Alors que la plupart des contribuables se concentrent sur de petites déductions et crédits pour réduire leurs factures annuelles, les individus les plus riches du monde opèrent à une échelle bien plus grande. Un rapport récent met en lumière une manœuvre financière massive du fondateur d’Amazon, Jeff Bezos : en changeant simplement son état de résidence, il a effectivement éliminé une obligation fiscale de près d’un 1 milliard de dollars.

La stratégie : de Washington à la Floride

Le mécanisme derrière cette épargne massive n’était pas une faille juridique complexe ou un compte offshore caché, mais plutôt un changement de géographie. Bezos a déménagé de Seattle, dans l’État de Washington, à Indian Creek Village, en Floride, une communauté souvent appelée le « bunker des milliardaires ».

La logique financière est simple et ancrée dans la politique fiscale au niveau de l’État :

  • État de Washington : met en œuvre un impôt de 7 % sur les plus-values.
  • Floride : maintient aucun impôt sur le revenu et aucun impôt sur les plus-values.

Les mathématiques derrière le déménagement

L’ampleur des économies devient évidente lorsqu’on examine l’activité financière récente de Bezos. Depuis son arrivée en Floride, Bezos a vendu pour environ 13,6 milliards de dollars d’actions Amazon.

L’impact de son emplacement est frappant lorsque l’on compare les deux scénarios :
S’il était resté à Washington : L’impôt de 7 % sur les plus-values lui aurait coûté environ 952 millions de dollars.
En vivant en Floride : Sa facture fiscale d’État sur ces ventes spécifiques était de 0 $.
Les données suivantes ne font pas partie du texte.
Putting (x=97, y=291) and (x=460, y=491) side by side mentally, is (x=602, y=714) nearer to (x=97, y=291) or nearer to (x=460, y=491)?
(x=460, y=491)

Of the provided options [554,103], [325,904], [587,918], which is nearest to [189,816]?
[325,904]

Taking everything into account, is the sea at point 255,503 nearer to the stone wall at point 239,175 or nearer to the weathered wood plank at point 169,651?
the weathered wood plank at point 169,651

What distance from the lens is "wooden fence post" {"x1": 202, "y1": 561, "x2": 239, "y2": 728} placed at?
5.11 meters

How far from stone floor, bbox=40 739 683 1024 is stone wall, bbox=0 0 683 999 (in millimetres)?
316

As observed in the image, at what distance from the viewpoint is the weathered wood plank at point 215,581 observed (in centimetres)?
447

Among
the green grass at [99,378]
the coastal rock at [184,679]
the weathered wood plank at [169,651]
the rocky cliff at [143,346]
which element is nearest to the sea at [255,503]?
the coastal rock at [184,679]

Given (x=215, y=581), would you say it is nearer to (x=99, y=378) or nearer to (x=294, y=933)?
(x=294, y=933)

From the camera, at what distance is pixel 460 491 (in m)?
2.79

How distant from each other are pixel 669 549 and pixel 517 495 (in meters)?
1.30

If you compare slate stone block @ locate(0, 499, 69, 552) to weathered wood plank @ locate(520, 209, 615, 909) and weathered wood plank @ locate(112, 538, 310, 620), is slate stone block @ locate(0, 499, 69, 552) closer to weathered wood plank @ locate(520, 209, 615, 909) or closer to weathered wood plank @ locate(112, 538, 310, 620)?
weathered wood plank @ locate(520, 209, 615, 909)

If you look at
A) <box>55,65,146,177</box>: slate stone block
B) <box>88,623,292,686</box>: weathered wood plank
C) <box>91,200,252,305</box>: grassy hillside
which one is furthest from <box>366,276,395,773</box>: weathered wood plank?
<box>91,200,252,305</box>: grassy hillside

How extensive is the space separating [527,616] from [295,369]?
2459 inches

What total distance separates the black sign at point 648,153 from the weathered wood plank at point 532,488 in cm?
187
Même si Bezos a publiquement cité le désir de se rapprocher de ses parents vieillissants comme principale motivation de ce déménagement, les implications financières sont impossibles à ignorer.

Pourquoi c’est important : la tendance de la « migration fiscale »
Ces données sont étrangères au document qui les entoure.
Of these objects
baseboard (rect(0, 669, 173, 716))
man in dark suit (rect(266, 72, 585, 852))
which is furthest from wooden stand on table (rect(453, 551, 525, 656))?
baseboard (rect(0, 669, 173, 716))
Cette décision s’inscrit dans une tendance économique plus large connue sous le nom de migration fiscale, dans laquelle les particuliers fortunés quittent des juridictions à fiscalité élevée vers des États dotés de politiques budgétaires plus favorables. Ce phénomène soulève plusieurs questions importantes pour les décideurs politiques et le public :

  1. Perte de revenus : Lorsque les résidents les plus riches partent, des États comme Washington perdent d’importantes recettes fiscales qui sont souvent utilisées pour financer les infrastructures publiques, l’éducation et les services sociaux.
  2. Fédéralisme compétitif : Les États se font de plus en plus concurrence pour attirer les résidents fortunés en réduisant la pression fiscale, créant ainsi une « course vers le bas » dans certains modèles économiques.
  3. Inégalités de richesse : La possibilité d’éviter près d’un milliard de dollars d’impôts grâce à la délocalisation est un privilège largement inaccessible au travailleur moyen, qui ne peut pas simplement déménager d’un État à l’autre pour échapper à l’impôt sur le revenu.

Cette délocalisation démontre à quel point la politique fiscale au niveau des États peut agir comme un puissant levier, influençant le lieu où les personnes les plus influentes du monde choisissent de vivre et d’investir.

Conclusion

Le déménagement de Jeff Bezos de Washington vers la Floride illustre comment des changements stratégiques de résidence peuvent entraîner des économies d’impôts massives pour les ultra-riches. Ce changement met en évidence la tension croissante entre les recettes fiscales des États et la mobilité du capital mondial.